Microdialysis Technique to Quantify Drug Concentration in Human Intervertebral Disks

[+] Author and Article Information
Hyun Kyu Han

Biomechanical Testing Facility, UCSF/SFGH Orthopaedic Trauma Institute, San Francisco, CA

Jenni Buckley1

Biomechanical Testing Facility, UCSF/SFGH Orthopaedic Trauma Institute, San Francisco, CAjennibuckleyphd@gmail.com

Kathy Kursa

 Medtronic Spinal and Biologics, Sunnyvale, CA

Conor O’Neill, Jeffrey Lotz

Department of Orthopaedic Surgery, University of California-San Francisco, San Francisco, CA

1

Present address: Taylor Collaboration, St.

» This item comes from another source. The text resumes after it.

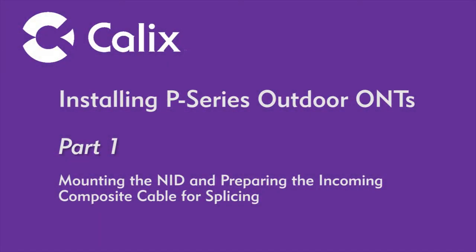This video presentation details best practices as it pertains to installing a KALX ONT in a non-temperature controlled environment. The first of a three-part series, this episode covers enclosure mounting, grounding, and fiber optic cable preparation prior to splicing.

Mary's Medical Center, 450 Stanyan Street, San Francisco, CA 94117.

J. Med. Devices 4(4), 041009 (Dec 06, 2010) (4 pages) doi:10.1115/1.4003006 History: Received January 11, 2010; Revised November 08, 2010; Published December 06, 2010; Online December 06, 2010

No dependable method has yet been established to find time-dependent concentrations of substances injected into the intervertebral disk. This study investigated the feasibility of microdialysis in the measurement of local concentrations of a low-molecular weight drug in the human lumbar disk. A quasi-static experiment and a dynamic computer finite element simulation were used to study the spread of lidocaine in the lumbar disk. Fresh-frozen cadaveric lumbar motion segments were immersed in a 0.1% lidocaine HCl solution for 6 days prior to continuous microdialysis sampling for 30 min at the posterolateral annulus. Samples were collected every 10 min, for a total of three samples per probe. To maintain quasi-static conditions, where the output of lidocaine was equal to the diffusion rate, the microdialysis flow rate was set to 0.6μl/min. The finite element model treated the disk as poroelastic tissue under compressive load and introduced 1 ml of 4% lidocaine into the nucleus pulposus. Higher microdialysis flow rates suffered from significant losses during consecutive recoveries. Relative recovery in the annulus at 0.6μl/min was found to be 53.3%±16.2% of the initial solution. This was determined to be a result of low diffusivity of lidocaine through tissue. The FEA model predicted low diffusivity of lidocaine and slow transport to the posterolateral annulus if no fissures were present in the annulus. The results from in vitro experiments and computer simulations showed that while microdialysis can take reliable concentration measurements in the posterolateral annulus, probe placement near a fissure is critical if a measurement is to be made immediately following injection of a drug into the nucleus.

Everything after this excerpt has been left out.